Following the implementation of the new dental contract in April 2006, national restrictions were placed on access to NHS orthodontics for the first time. In order to limit orthodontic treatment to those cases which would derive the greatest dental health gain, the IOTN is now used to grade the severity of a malocclusion. Orthodontic providers have contracts which limit the treatment they provide to the most severe malocclusions based on IOTN, but little data exist to identify whether referring dentists are able to use the Index when making a referral.

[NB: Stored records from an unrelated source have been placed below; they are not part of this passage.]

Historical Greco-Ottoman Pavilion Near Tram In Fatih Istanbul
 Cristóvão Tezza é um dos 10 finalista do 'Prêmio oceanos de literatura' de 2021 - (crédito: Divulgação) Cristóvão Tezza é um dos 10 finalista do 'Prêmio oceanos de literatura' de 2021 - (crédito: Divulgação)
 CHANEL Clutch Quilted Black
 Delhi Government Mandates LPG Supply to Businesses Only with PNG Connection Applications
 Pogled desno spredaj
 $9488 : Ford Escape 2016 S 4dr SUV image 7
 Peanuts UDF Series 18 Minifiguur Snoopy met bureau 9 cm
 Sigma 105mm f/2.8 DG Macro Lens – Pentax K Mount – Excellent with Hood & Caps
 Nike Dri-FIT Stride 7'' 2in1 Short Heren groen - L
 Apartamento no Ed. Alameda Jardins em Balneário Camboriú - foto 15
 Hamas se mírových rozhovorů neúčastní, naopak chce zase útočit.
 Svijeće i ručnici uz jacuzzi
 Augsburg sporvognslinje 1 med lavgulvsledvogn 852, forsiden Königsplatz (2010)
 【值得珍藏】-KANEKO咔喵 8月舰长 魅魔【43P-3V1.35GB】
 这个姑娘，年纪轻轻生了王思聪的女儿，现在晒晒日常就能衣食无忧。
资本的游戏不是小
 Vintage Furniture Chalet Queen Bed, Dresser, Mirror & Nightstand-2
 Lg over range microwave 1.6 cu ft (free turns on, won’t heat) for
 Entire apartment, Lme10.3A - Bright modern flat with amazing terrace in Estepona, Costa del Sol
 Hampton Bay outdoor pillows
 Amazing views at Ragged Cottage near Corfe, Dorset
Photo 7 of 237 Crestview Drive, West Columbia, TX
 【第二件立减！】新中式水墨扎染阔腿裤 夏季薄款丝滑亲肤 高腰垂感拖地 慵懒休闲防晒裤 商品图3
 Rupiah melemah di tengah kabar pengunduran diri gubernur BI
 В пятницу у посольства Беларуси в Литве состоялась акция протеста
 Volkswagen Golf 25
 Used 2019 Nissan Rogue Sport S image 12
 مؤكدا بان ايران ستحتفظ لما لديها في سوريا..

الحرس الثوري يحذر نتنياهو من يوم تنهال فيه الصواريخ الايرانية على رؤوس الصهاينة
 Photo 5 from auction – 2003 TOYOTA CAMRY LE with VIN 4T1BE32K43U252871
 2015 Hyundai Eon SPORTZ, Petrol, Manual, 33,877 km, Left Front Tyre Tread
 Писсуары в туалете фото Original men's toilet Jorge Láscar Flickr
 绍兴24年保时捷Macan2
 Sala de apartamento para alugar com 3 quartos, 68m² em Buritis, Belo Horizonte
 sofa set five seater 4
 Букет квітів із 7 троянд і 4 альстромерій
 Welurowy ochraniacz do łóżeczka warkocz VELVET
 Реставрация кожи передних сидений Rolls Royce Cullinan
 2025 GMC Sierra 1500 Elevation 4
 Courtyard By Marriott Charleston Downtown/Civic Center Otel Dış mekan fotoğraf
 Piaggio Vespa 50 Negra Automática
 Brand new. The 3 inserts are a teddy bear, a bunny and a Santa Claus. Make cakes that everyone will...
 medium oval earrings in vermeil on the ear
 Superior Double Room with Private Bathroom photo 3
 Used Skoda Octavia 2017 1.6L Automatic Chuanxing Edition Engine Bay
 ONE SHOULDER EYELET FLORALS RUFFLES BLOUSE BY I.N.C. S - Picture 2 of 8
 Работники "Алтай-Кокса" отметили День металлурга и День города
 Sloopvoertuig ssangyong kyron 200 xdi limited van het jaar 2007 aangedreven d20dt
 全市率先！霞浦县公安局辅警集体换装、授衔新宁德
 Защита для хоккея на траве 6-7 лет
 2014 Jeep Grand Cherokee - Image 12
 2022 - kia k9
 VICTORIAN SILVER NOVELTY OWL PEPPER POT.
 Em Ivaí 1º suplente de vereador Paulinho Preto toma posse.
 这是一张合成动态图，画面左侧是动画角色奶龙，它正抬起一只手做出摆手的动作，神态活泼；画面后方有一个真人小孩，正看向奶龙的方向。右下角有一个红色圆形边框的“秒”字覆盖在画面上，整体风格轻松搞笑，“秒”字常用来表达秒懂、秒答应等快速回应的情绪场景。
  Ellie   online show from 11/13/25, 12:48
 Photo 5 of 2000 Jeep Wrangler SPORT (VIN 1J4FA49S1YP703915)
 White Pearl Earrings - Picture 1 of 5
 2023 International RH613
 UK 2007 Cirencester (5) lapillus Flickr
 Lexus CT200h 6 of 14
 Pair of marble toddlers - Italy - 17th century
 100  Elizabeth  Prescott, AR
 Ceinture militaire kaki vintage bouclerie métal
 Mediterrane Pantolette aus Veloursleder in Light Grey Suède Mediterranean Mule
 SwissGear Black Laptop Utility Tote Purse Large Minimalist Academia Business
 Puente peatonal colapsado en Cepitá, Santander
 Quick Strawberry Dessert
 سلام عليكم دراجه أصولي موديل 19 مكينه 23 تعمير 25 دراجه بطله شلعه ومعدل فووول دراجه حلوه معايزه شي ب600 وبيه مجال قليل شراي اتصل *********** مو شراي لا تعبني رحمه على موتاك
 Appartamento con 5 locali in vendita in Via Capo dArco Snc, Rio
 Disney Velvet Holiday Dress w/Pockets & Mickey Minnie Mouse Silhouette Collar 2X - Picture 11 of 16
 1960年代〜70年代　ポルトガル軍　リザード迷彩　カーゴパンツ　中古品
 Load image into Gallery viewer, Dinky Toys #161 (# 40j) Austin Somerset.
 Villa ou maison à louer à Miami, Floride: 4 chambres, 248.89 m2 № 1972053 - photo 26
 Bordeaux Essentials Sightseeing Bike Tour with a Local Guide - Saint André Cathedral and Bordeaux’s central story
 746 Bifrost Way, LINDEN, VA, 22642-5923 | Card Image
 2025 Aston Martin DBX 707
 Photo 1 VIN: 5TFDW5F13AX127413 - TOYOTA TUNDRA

In this study, 76% of dentists did not routinely use the IOTN when making a referral. Current dental undergraduate curricula in the UK incorporate teaching on the IOTN but this has only been a recent addition to the curriculum.14 Dentists who qualified more than 10 years ago are unlikely to have had formal teaching or training in the use of the IOTN. In addition, dentists in West Sussex qualified in 16 different countries and it is possible that undergraduate curricula outside the UK do not incorporate occlusal indices such as the IOTN. If the IOTN is to be used successfully as a tool by referring dentists, considerable resources need to be directed at training.15 Burden et al.15 reported on the trial of an IOTN learning package developed for use by dentists. The trial led to a reduction in the proportion of patients referred for treatment with mild malocclusions and helped dentists to identify cases where a borderline decision existed.15

The development of locally produced referral guidelines outlining when and where to make orthodontic referrals might help dentists make the best use of the available orthodontic manpower. This could be addressed by funding IOTN learning packages for individual practices or providing training courses. Alternatively, simple referral guidelines could be issued based on the essence of the IOTN to generate appropriate referrals, with the orthodontic providers being the final arbiters of the IOTN score.

Conclusions

  • Approximately half of dentists (52%) in West Sussex correctly identified which type of orthodontic provider to refer three different malocclusions using picture tests

  • Only a minority (20%) of dentists in West Sussex were able to correctly identify the appropriate timing of orthodontic referral for three different malocclusions using picture tests

  • Neither the possession of a postgraduate qualification nor being recently qualified (within the past 10 years) influenced the ability to make the 'correct' decision with regard to orthodontic provider or timing of referral for orthodontic treatment

  • 76% of West Sussex dentists did not routinely use the Index of Orthodontic Treatment Need (IOTN) when making an orthodontic referral at the time of this survey (September-December 2006)

  • Consideration should be given to whether the IOTN is an acceptable tool to be used by dentists when making a referral for orthodontic treatment, given the considerable knowledge gap in this area.